Se questo è un uomo arriva al Bonci di Cesena stasera alle 21, con repliche fino a domenica. A dare voce alle parole di Levi è l’attore e regista Valter Malosti, solo in scena con il supporto dei performer Camilla Sandri Bellezza e Giacomo Zandonà; l’ambientazione è totalizzante. Il testo originale è stato «condensato», dice il regista, con Domenico Scarpa del Centro Levi; Margherita Palli ha curato una scenografia simile a una installazione; il suono di Gup Alcaro è una colonna sonora interiore; le luci di Cesare Accetta focalizzano nello spazio vuoto diversi ambienti, cambi di pensiero del protagonista; e poi il video scarno di Luca Brinchi e Daniele Spanò «aggiunge le parti visionarie del testo», dice il regista. «Levi lavora sul doppio aspetto della veglia e del sonno, e quindi del sogno».

È vero che pensava di realizzarlo da una decina di anni?

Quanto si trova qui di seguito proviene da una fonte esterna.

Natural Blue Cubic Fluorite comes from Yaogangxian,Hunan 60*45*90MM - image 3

«Forse anche prima; cominciammo col chiederci se Primo Levi, oltre che grande testimone della Shoah, non fosse pure un grande scrittore; in “Se questo è un uomo” abbiamo scoperto un capolavoro letterario, pieno di registri diversi che emergono specialmente ad alta voce; attraverso l’io narrante si avverte l’acustica del campo di sterminio. Riesce a ricostruire la Babele dei linguaggi in maniera mirabile, consente variazioni continue, sottili, in una lingua potente e scabra».

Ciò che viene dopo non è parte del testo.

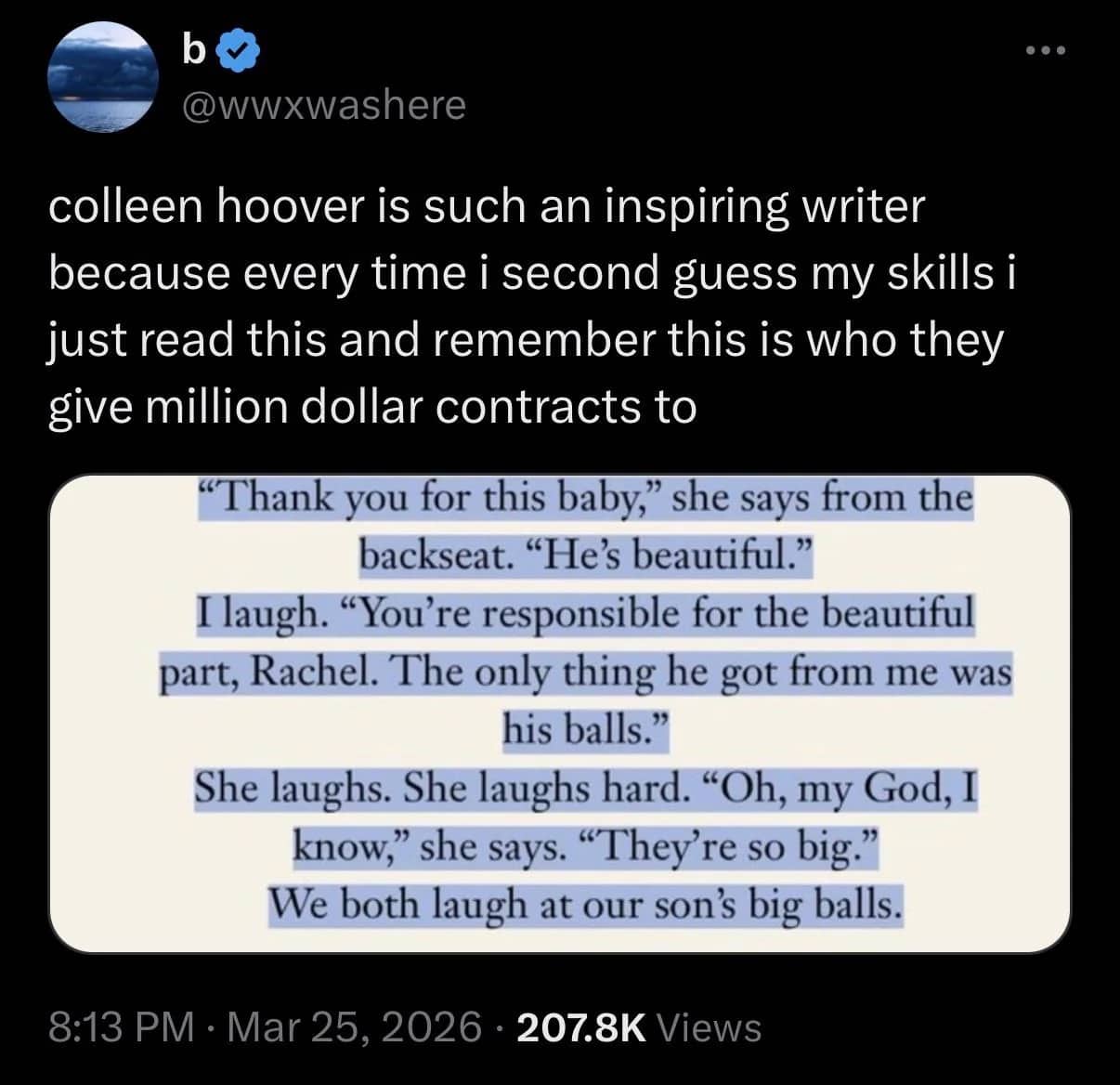 Funny tweet mocking Colleen Hoover writing quality by sharing unintentionally absurd book passage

Come raffigura le parole di Levi?

«Prima di tutto senza tradirlo, ma restando fedeli ai temi e alle sue stesse parole. Abbiamo scelto le diverse “zone” prendendole anche da “La tregua” e dalle poesie che scrive dopo il ritorno dal campo. Alcune sono diventate madrigali composti da Carlo Boccadoro; provocano una sorta di immersione sonora inusuale. Si ascoltano le tante voci dell’autore; c’è Levi che racconta in presa diretta dal campo, Levi che racconta di sé prima del campo; c’è il racconto nell’oggi mentre scrive e guarda a quello che accadeva nel campo; c’è il “noi” a cui si rivolge, e riflessioni filosofiche che amplierà nel saggio “I sommersi e i salvati”. Ci sono parole che riguardano l’umanità intera, non solo quella del lager; apre squarci contemporanei su temi del presente, come la paura dello straniero e del diverso. Levi chiama il diverso “l’impurezza”, fondamentale, dice, perché la vita possa nascere».

Perché l’aggiunta dalla “Tregua”?

«Per me e Scarpa era importante il ritorno alle “tiepide case” con riferimento anche alle nostre. Tornato nella civiltà, anche Levi sta in una “tiepida casa”, con la differenza che lui nei sogni in qualche modo ritorna nel lager, e a sogni legati al fatto di raccontare quello che stava accadendo, e al fatto che nessuno gli credesse».

Info: 0547 355959

Malosti incontrail pubblicoe gli studenti

Lo spettacolo “Se questo è un uomo” si completa con iniziative collaterali rivolte sia al pubblico, sia agli studenti delle scuole superiori. Momenti curati da Ert (coproduttore dello spettacolo) e dal Centro internazionale Primo Levi ma fortemente voluti anche dall’Istituto storico della Resistenza e dell’età contemporanea di Forlì e Cesena. Domani venerdì 19 novembre, alle 18.30, il pubblico è invitato nel foyer del teatro Bonci. L’attore e regista Valter Malosti dialoga con Alberto Gagliardo del comitato scientifico dell’Istituto Storico di Forlì-Cesena, e con Fausto Ciuffi, direttore della Fondazione Villa Emma – Ragazzi Ebrei Salvati (Ingresso libero). Sabato 20 invece alle ore 11 il direttore artistico di Ert Valter Malosti insieme ad Alberto Gagliardo incontrano gli studenti del Liceo scientifico Righi. Cosa vorrebbe dire agli studenti? «Credo sia molto importante che ascoltino le parole di Levi – risponde Malosti – perché sono vere; è la cosa a cui lo scrittore teneva di più, lo dice anche dopo la pubblicazione di Einaudi: “Naturalmente nessuno dei passi è inventato”. Gli stessi storici che hanno compiuto ricerche sul campo di concentramento hanno potuto constatare la verità di quelle parole. Il suo è uno scritto di carattere anche scientifico. Quindi per una volta si affronta la verità e credo che per i ragazzi sia fondamentale». CLA.RO.